During the session, the NRC rejected an industry effort
to redefine "100 percent" in a key clause in the order, issued Feb.
11 to owners of nuclear power stations with reactors similar to
Davis-Besse’s.
It requires a visual inspection of 100 percent
of the bare metal on the reactor pressure vessel head.
That
is the top of the thick steel container that holds tons of
radioactive material under high pressure.
FirstEnergy, which
owns the Davis-Besse Nuclear Power Station, found a football-sized
hole in the steel container in March, the result of a leak of
corrosive acid that went uncorrected for years. NRC described the
episode as the most serious safety lapse in recent
history.
The Nuclear Energy Institute, an industry group in
Washington, quickly objected to the 100-percent inspection
requirement. Alexander Marion, the group’s director of engineering,
argued that workers at many nuclear plants are unable to see 100
percent of the reactor vessel head surface because of
obstructions.
Complete inspections would be unnecessarily
costly, with owners required to remove and replace insulation and
other components during plant shutdowns, Mr.
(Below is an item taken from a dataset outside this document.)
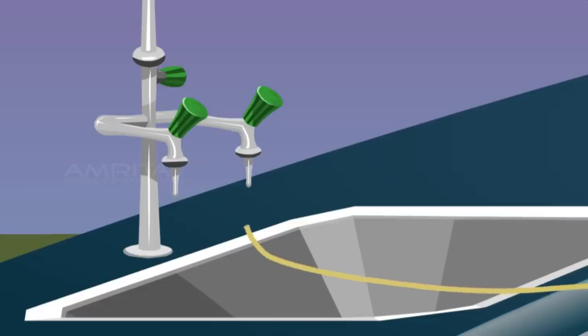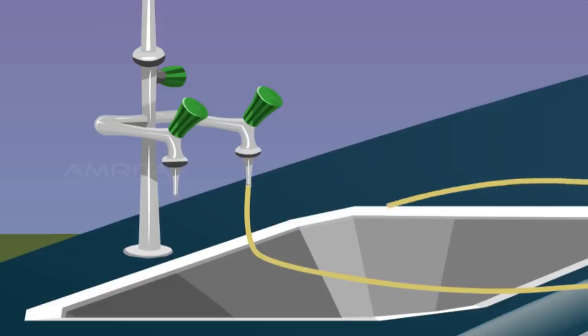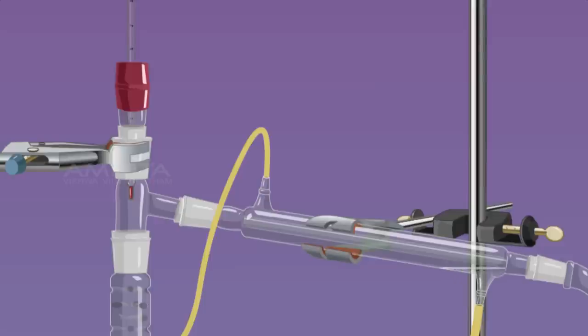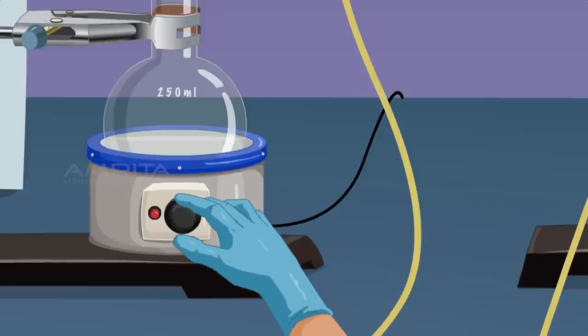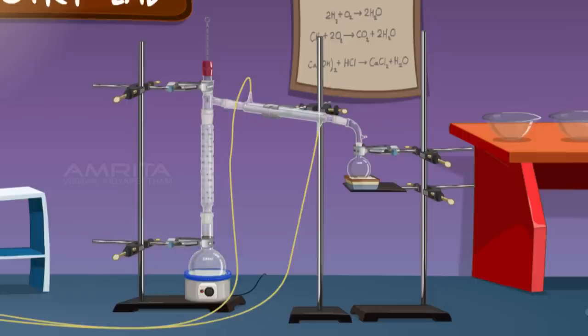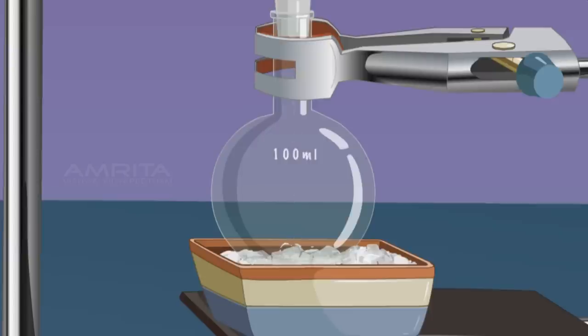Connect a rubber tube between the tap and the inlet of the condenser to allow cold water to enter. Connect another rubber tube to the outlet of the condenser to pour the hot water from the condenser to the sink. Open the tap so water flows through the tube and fills the condenser and then comes out through the outlet. Set the temperature of the heating mantle to 65 degrees and heat the mixture to boil. At 65 degrees, methanol vaporises and the vapours first rise through the fractionating column and pass through the condenser. Condensation occurs and methanol is collected in the receiver flask in liquid form.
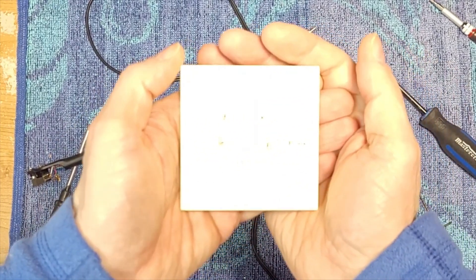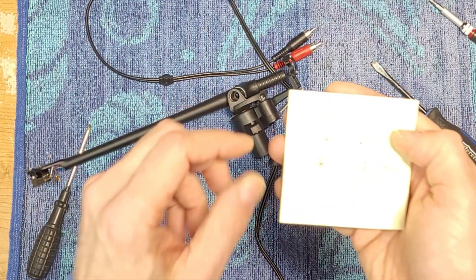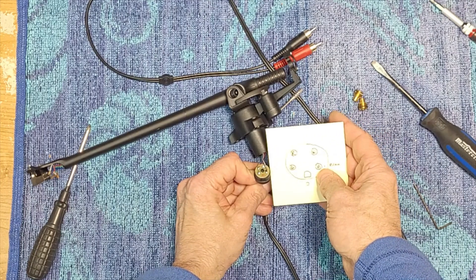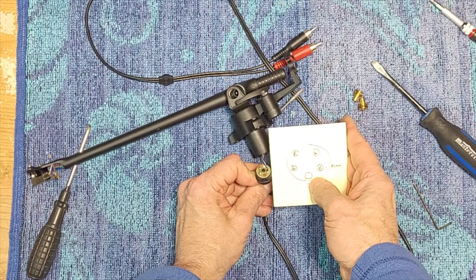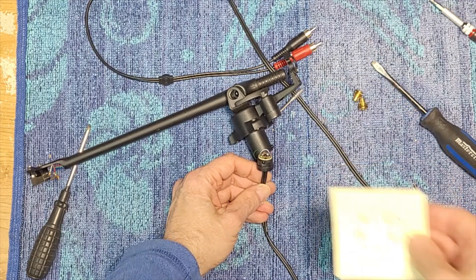Instead of marking the actual board, I've just done a drawing here of the way it looks. We've got green, blue and black, white and red, and there's that little copper pad there. We'll mark that, and there's the screw for the clamp there. We'll just follow this when we put it back together.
Marion
suggested.
Mr. Marion asked NRC to define "100 percent" in
the new order according to an obscure clause in the agency’s
existing regulations.
It would let owners get by with
inspecting "essentially 100 percent" of the reactor vessel head,
which the regulations define as at least 91 percent.
"With
the order, 100 percent does mean 100 percent," NRC’s Alan Hiser told
Mr. Marion. "There’s nothing intended there to allow lesser
inspections."
"Unreasonable and burdensome," Mr. Marion later
grumbled, referring to certain requirements in the order.
NRC
staff, however, said nuclear power plant owners could apply for
"relief" from provisions that were unusually difficult to comply
with.
Mr. Sheron said waiver requests would be considered on
an individual basis. Some, he said, would require approval from the
top official in NRC reactor regulation division.
The new
order also requires plant operators to do additional inspections for
leaks in plumbing connections located above the reactor pressure
vessel. Water flowing through the pipes contains boric acid, the
corrosive material that ate into the Davis-Besse pressure
vessel.
Mr. Sheron said boric acid leaks at other nuclear
power plants continue to bewilder and concern NRC
officials.
Most plants, he said, have some "unidentified
leakage" of the solution of water and boric acid used to cool the
nuclear reactor. It’s categorized as "unidentified leakage" because
nobody is certain exactly which pipe fittings or other components
are leaking.
Ideally, the leakage amounts to less than one
gallon per minute. But some plants lose 10 gallons a minute,
amounting to huge quantities of boric acid each year, he
explained.
"The question we scratch our heads about is where
that boric acid is going," Mr. Sheron said.
At Davis-Besse,
it accumulated in a difficult-to-see spot on the reactor pressure
vessel, quietly damaging the vessel.
Mr. Sheron said the NRC
is in the early stages of considering measures that would require
utilities to identify the leaks and account for each pound of lost
boric acid for added safety assurance.